Table 7 Comparison between starch purification process and proposed potato powder production process

4 Conclusions and prospects

In this study, we performed TEA of a potato powder plant applying a potato starch purification system. We estimated that approximately 15,800,000 tonnes of potato powder could be produced by the plant per year. We estimated the total capital investment and AOC at 16.6 billion JPY and 16.7 billion JPY/year, respectively. Considering the NPV (8.87 billion JPY), the IRR (12.48%), the gross margin (11.99%), the ROI (11.59%) and the payback time (8.63 years) of the plant, the plant performed well, with good profitability in this scenario. The results showed that the initial investment could be recovered early in the plant’s lifetime. The AOC and the sensitivity analysis indicated that the price of purchasing raw potatoes and the sale price of potato powder have a large impact on the plant’s profitability.

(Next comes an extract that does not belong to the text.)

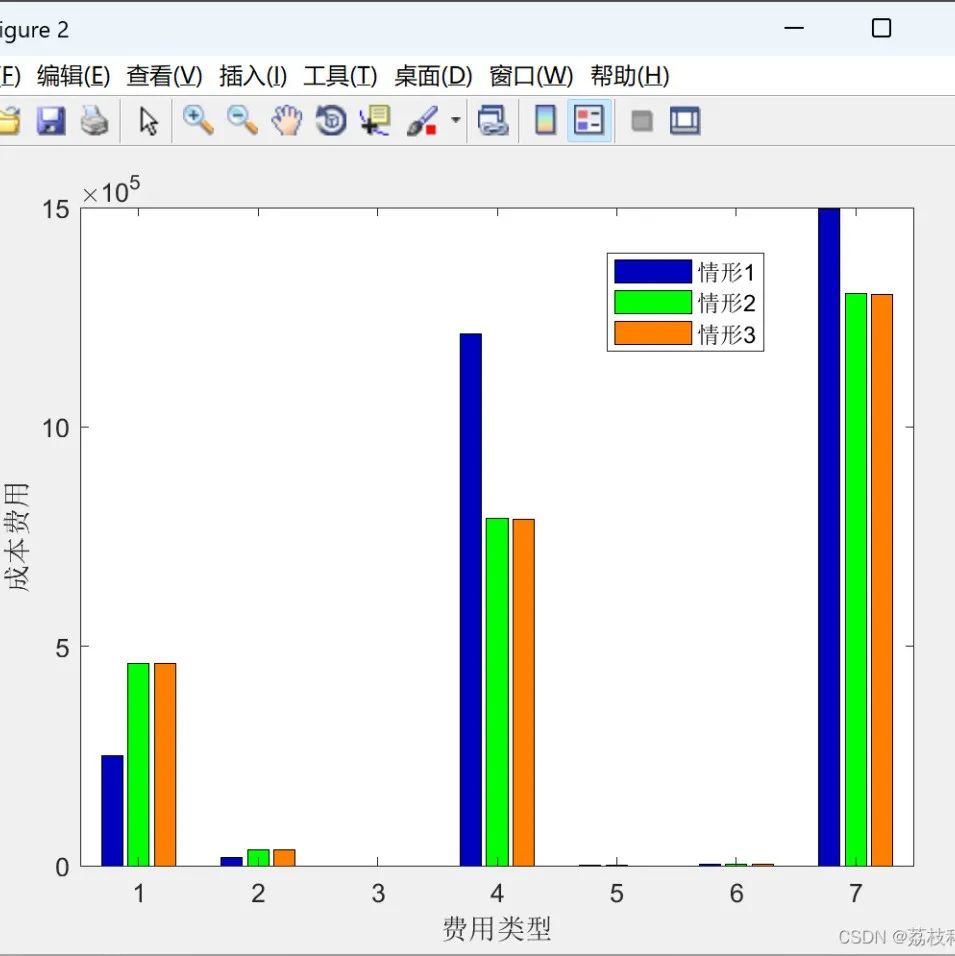 Monte Carlo Simulation Study of Different Types of Electric Vehicle Charging Loads (Including Regular Charging, Fast Charging, and Battery Swapping)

This study showed that nonstandard potatoes can be sold at a price that differs little from the price of standard ones by using the powdering method. Powdering could represent a beneficial method of using nonstandard potatoes compared with the traditional methods for using such potatoes as an ingredient in starch or processed foods. However, it is necessary to ensure a stable demand to generate a stable profit in the actual operations of the plant, noting that our scenario assumed that there would be no excess inventory. Expansion of the uses of rehydrated powder is required to obtain sufficient demand and ensure the future prospects of powdered potatoes.